Sobre el por qué del portazo, Torres prefirió no ahondar y se refirió a la carta que publicó en Facebook. En la misma, entre otros puntos, Torres aseguró que “evidentemente hay gente que por ponerse una camiseta y entrar al rectángulo de 18 por 9 metros ya cree que puede hacer lo que quiera, otros peor aún… que por tener dinero creen que pueden hacer lo que quieran e infringir reglamentos”.
Sin dar nombres, Torres escribió que “siempre bregue por todos tratando de ser ecuánime, justo y por el bien de todos en general (…) fui totalmente neutral ya que no tengo club participando, no ejerzo como DT, tampoco mis hijos juegan o están involucrados en nuestro deporte, pero hay gente que no entiende que ser dirigente de la Federación es buscar siempre el bien común y no privilegios”.

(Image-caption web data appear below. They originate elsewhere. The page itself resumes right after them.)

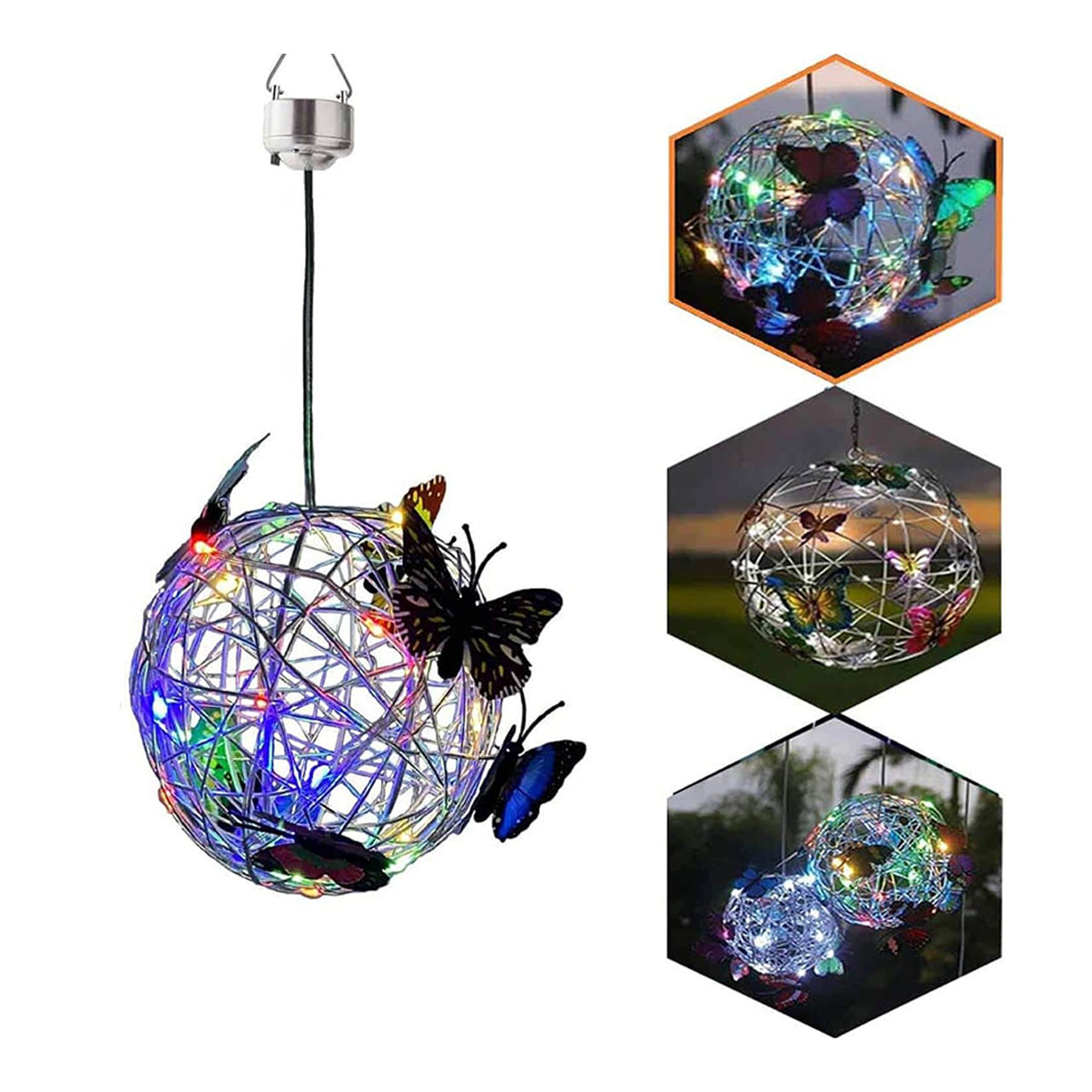 Solar Lighted Mesh Butterfly Orb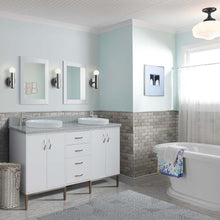Load image into Gallery viewer, 61&quot; Double sink vanity in White finish with Gray granite and round sink - 408001-61D-WH-GYRD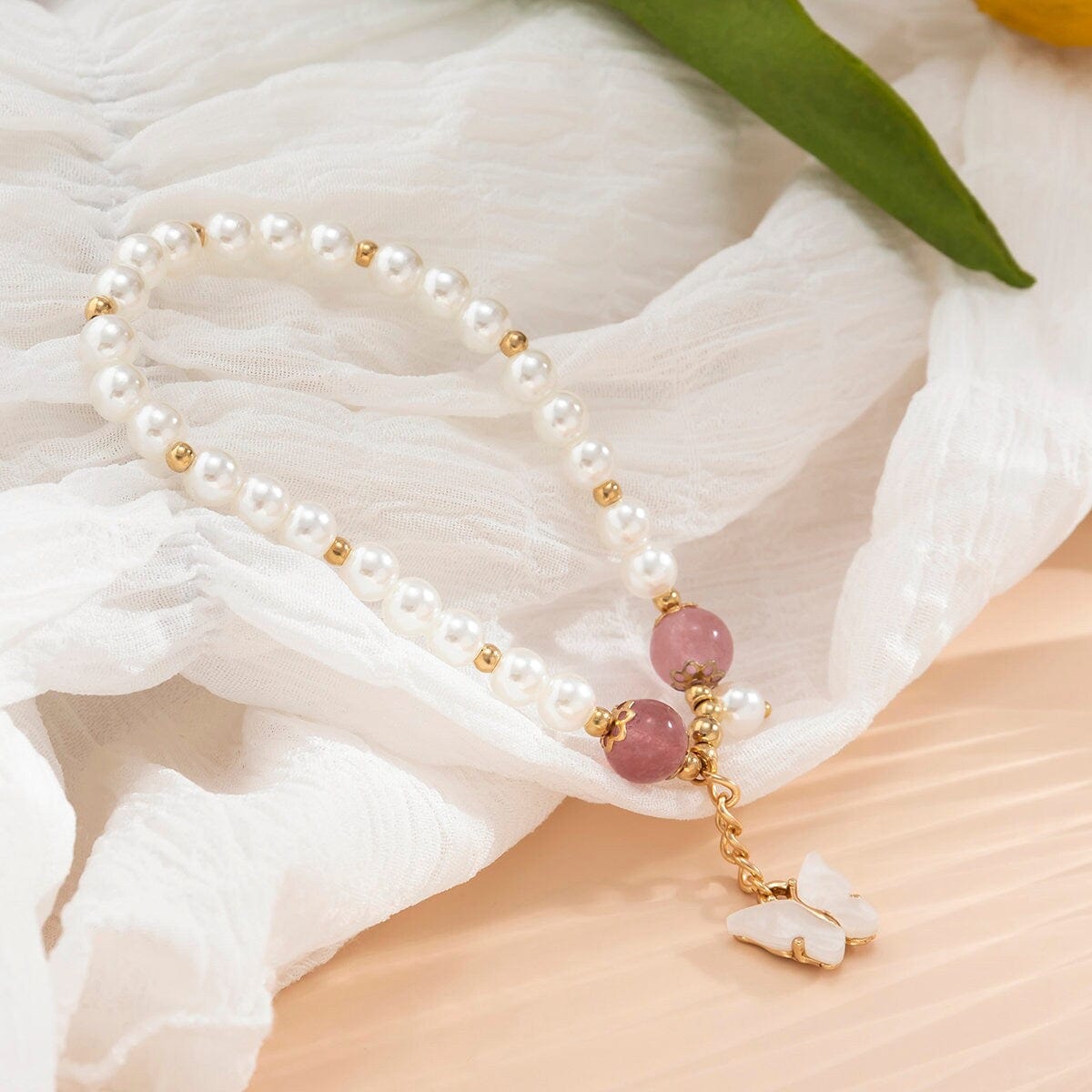 Boho Butterfly Charm Natural Crystal Pearl Chain Bracelet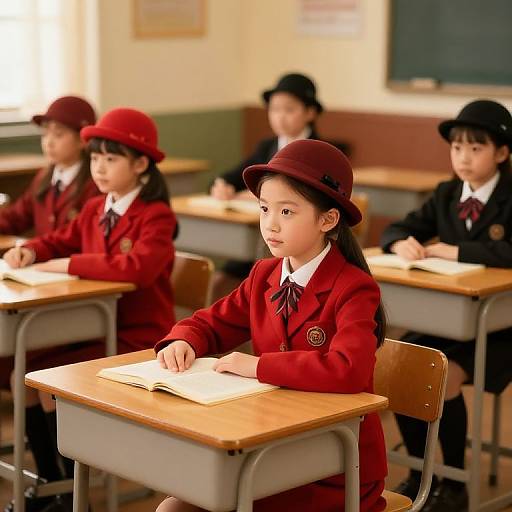 Girls in Vintage Red Black Suits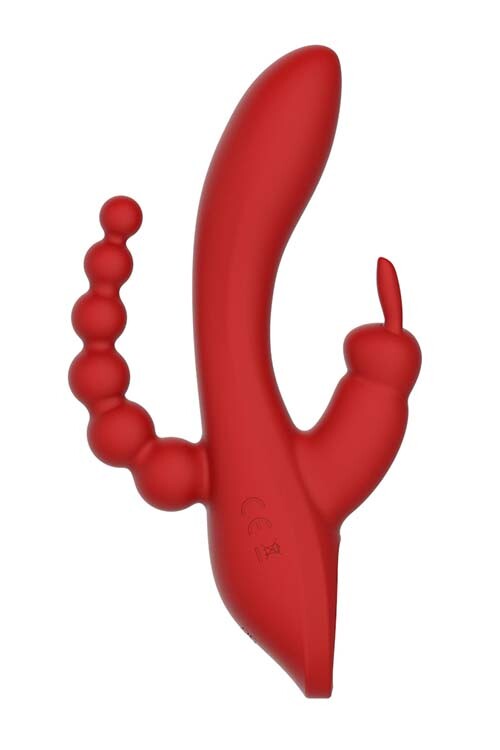 Вібратор-кролик Dream Toys Essentials Hera з анальним ланцюжком, червоний, 21 х 3.5 см - Зображення 4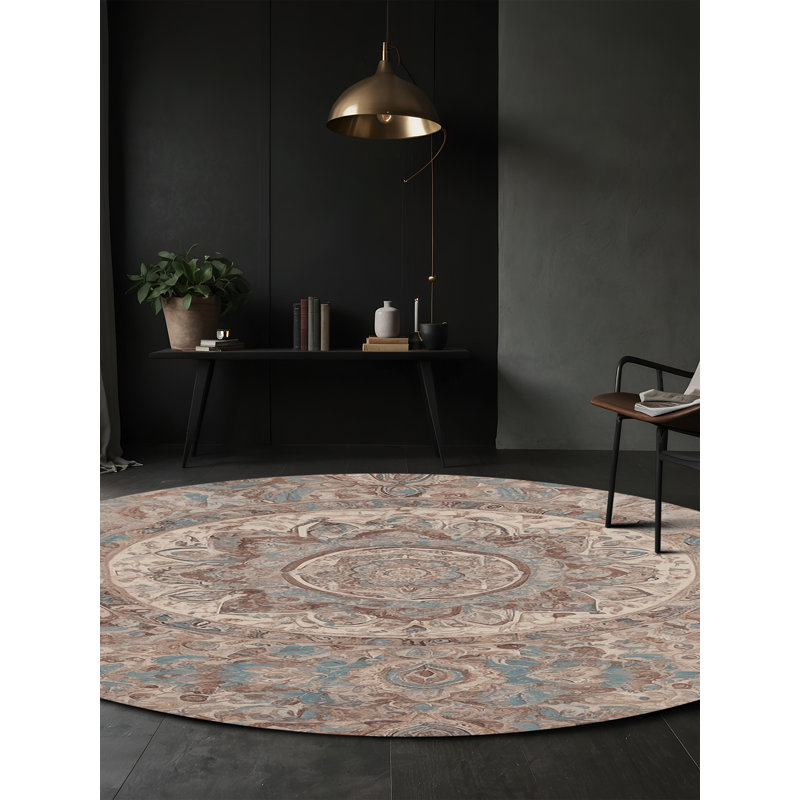 Tapis gris lavable à la machine GSIX03714, Rond 4 pi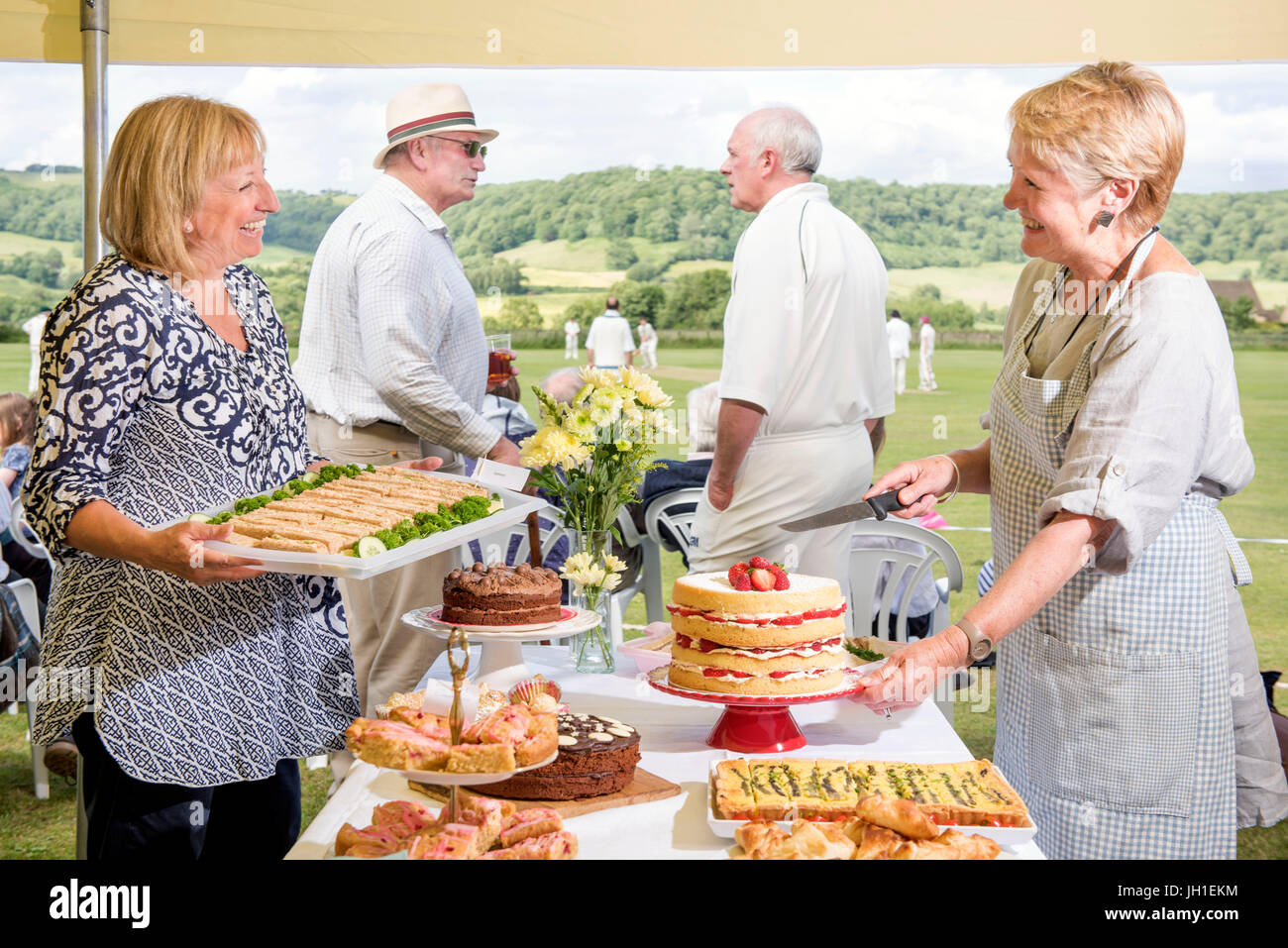 A classic cricket tea at North Nibley Cricket Club, Gloucestershire, UK Stock Photo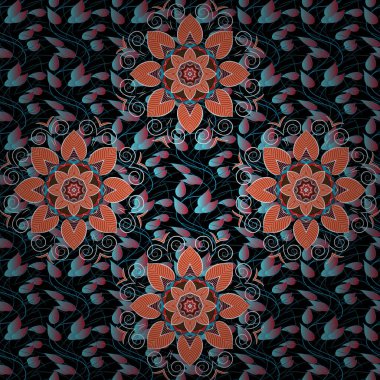 Küçük çiçekte güzel bir desen var. - siyah, turuncu ve mavi çiçekler. Doğa. Çiçek kolajı. Vektör deseni. Çiçek kompozisyonu. Çiçek arka planı.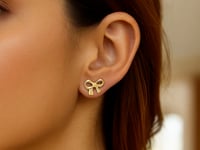 14k Yellow Gold Bow Style Post Earrings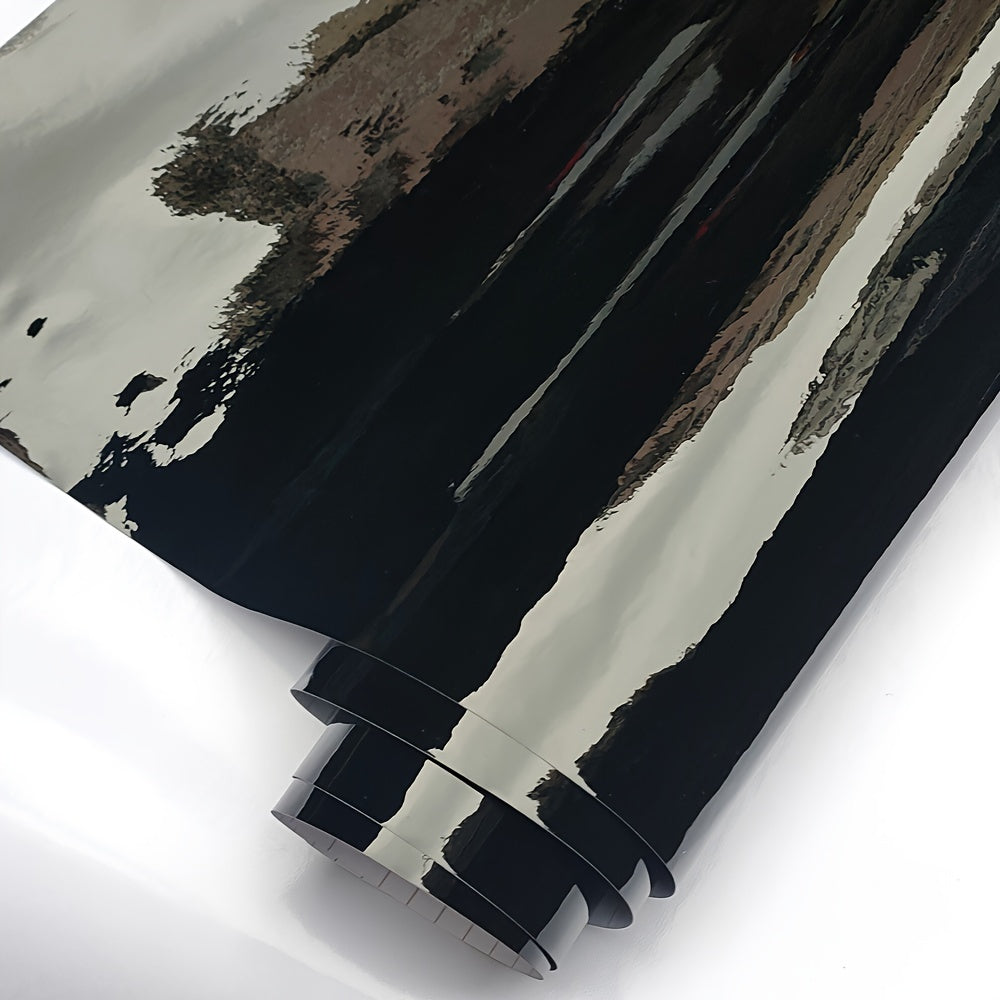 Avtomobillar, noutbuklar, telefonlar, mototsikllar uchun qora yaltiroq vinil avtomobil qoplamasi, 10-50 sm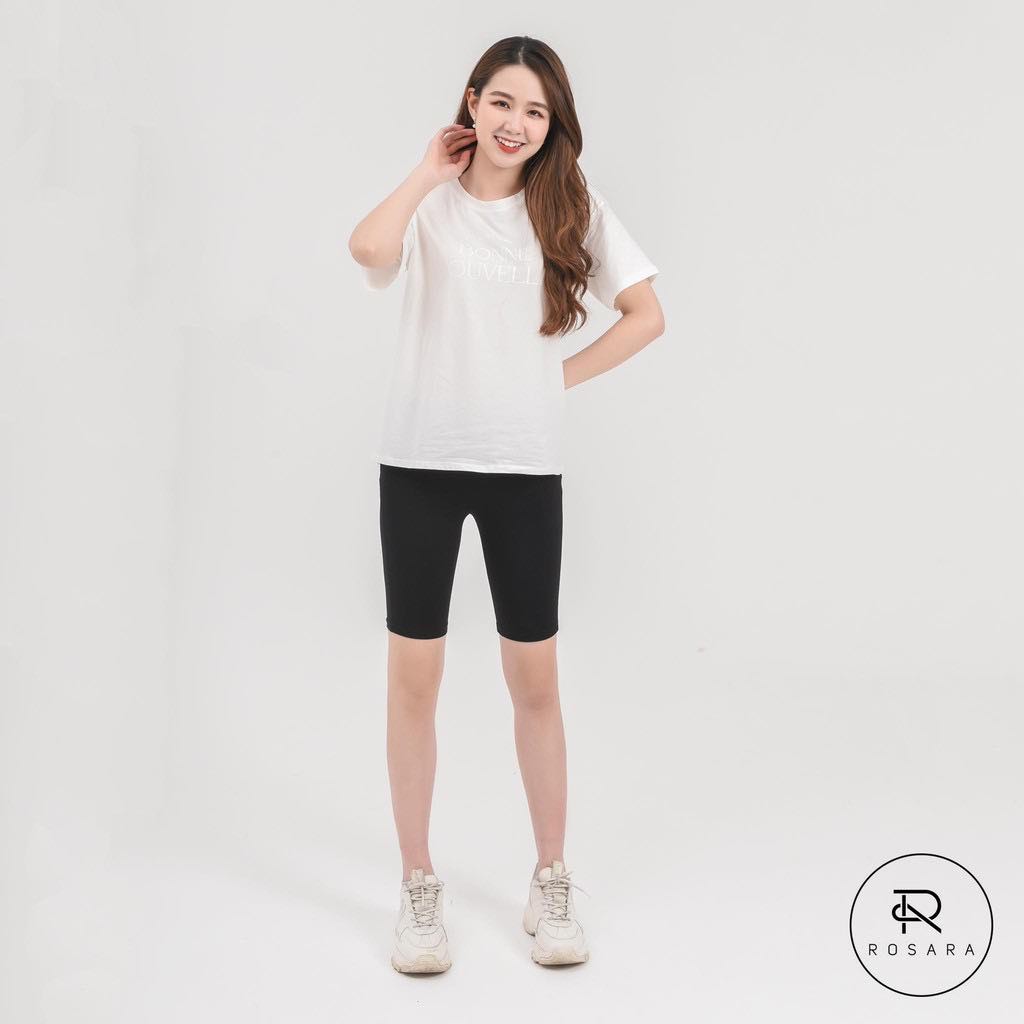 Quần biker legging lửng co giãn cạp chun vải cao cấp thun ngố nữ co giãn tốt dáng ôm Rosara SP108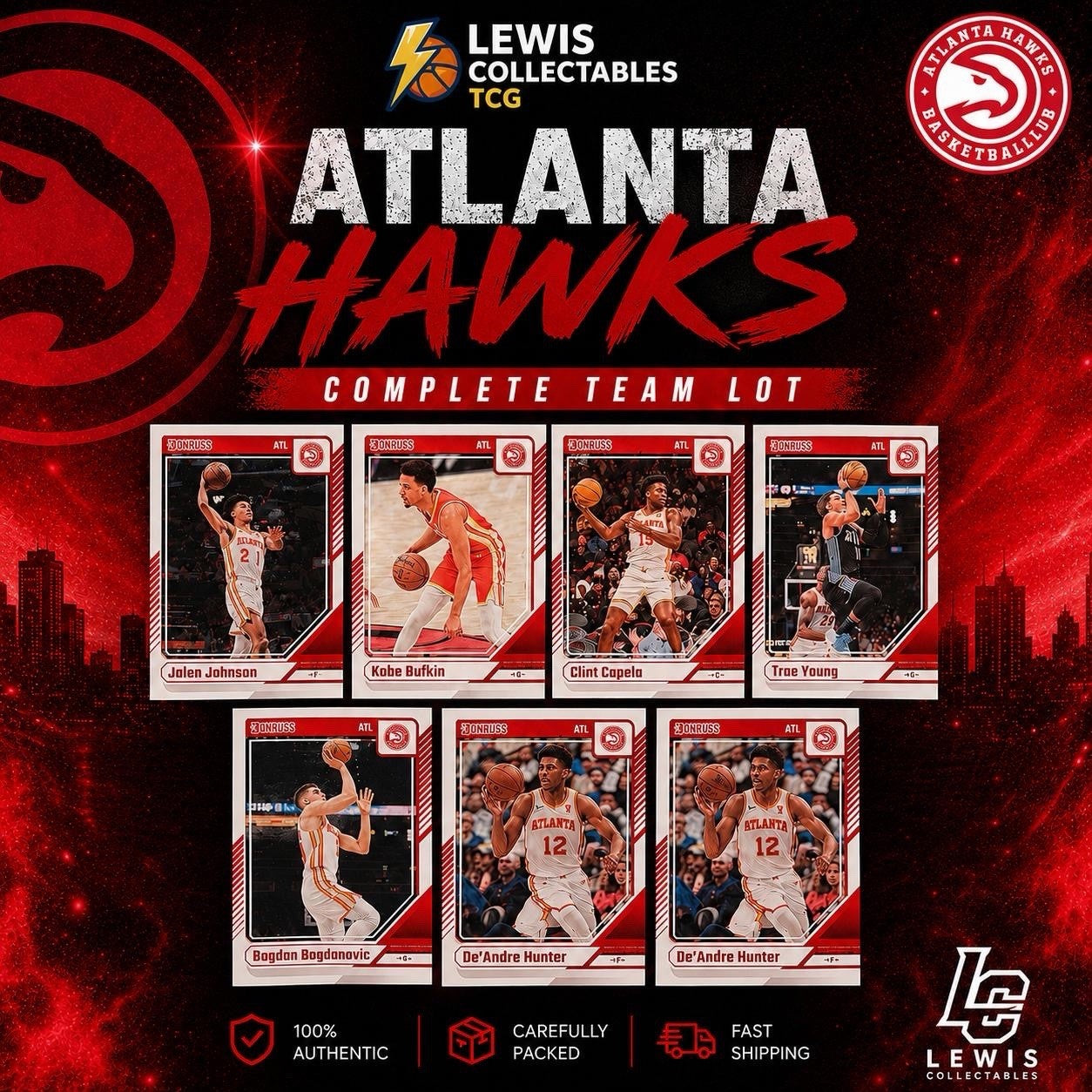 2024-25 Donruss Atlanta Hawks Team Lot Young Johnson Capela Hunter Bufkin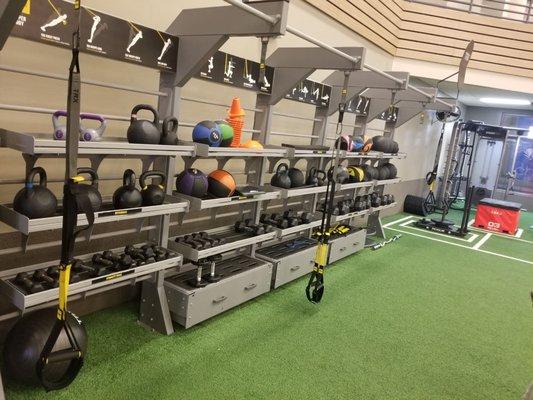 Kettle bells, medicine balls, foam rollers and TRX straps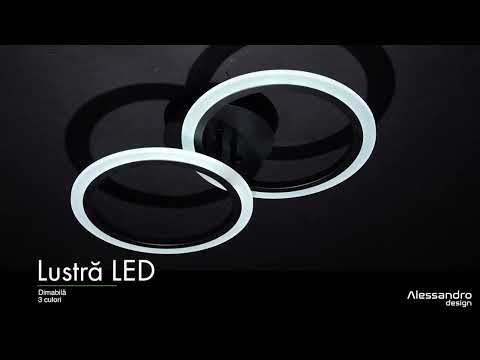 LED πολυέλαιος με τηλεχειριστήριο Betty, 28W, 2 κύκλοι, κρύο/ζεστό/ουδέτερο φως, ασταθές, μαύρο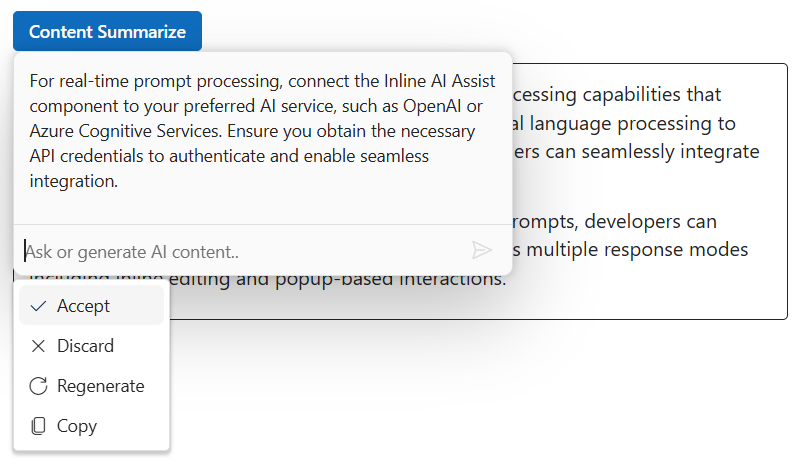 Response actions in ASP.NET CORE Inline AI Assist Control | Syncfusion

Torres cerró el documento al indicar que “siempre voy a estar en el lugar que me necesiten para mis amigos, pero sepan también que la gente con malas intenciones y que quiera privilegios, no cuentan más conmigo”.
La noticia generó conmoción en el vóleibol misionero e incluso movimientos entre los clubes y el seno de la propia Federación. Torres debía culminar su mandato el 31 de diciembre pero, ahora, ante la situación, se abre un interrogante sobre quién será su reemplazante.